In a written statement to 12 News, Ducey spokesman CJ Karamargin said the governor is proud of “record investments in education that have been made over the past eight years.”

“This year's historic bipartisan budget agreement puts school districts in an excellent position to really move the needle in recruiting and retaining their educator workforce. Our expectation is that they seize this opportunity,” the statement reads.

In response to Ducey’s statement, Tighe says unless Ducey and the legislature repeal the AEL, districts are taking a “high risk” by assuming funds will be available.

“It’s very fiscally irresponsible because you can’t overspend,” Tighe said.

Majority leader Toma won’t commit to lifting the cap

Republican Representative Michelle Udall, who voted yes on the budget, told 12 News she expects the legislature to lift the AEL next year. But like many legislators, Udall will not be at the capitol next year to follow through. She is running for state superintendent.

“I believe it would be a mistake to appropriate this money only to later take it back via the AEL,” Udall said.

Asked if he will ensure that money for schools passed this year is made available next year if he is re-elected, House Majority leader Ben Toma (R) did not give a definitive yes or no answer.

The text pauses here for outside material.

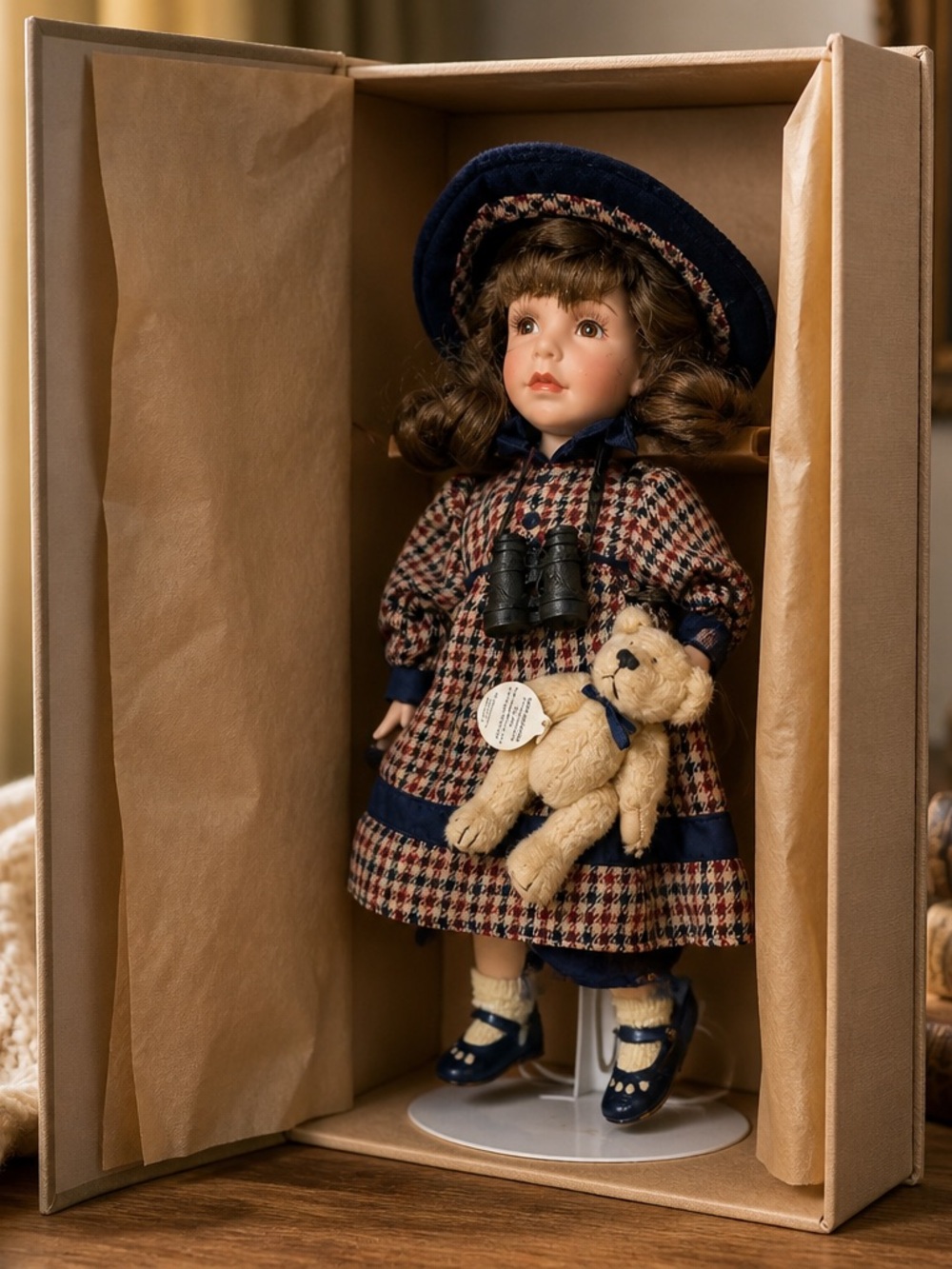 Boyds Bears Porcelain Doll in Navy & Beige Houndstooth Outfit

“Near the end of the year, ADE will inform lawmakers on how much schools exceed (the AEL limit). After which, the legislature will need to address the issue, just as the legislature did this past year. Until then, it remains unclear by how much the legislature should vote to allow them to exceed,” Toma said in a written statement to 12 News.

Education finance consultant Anabel Aportela said school district leaders are in a bind.

“If you are an optimist, you are budgeting it and planning for it,” Aportela said. “But you would hope everyone is conscious of what could happen and everyone has a plan B.”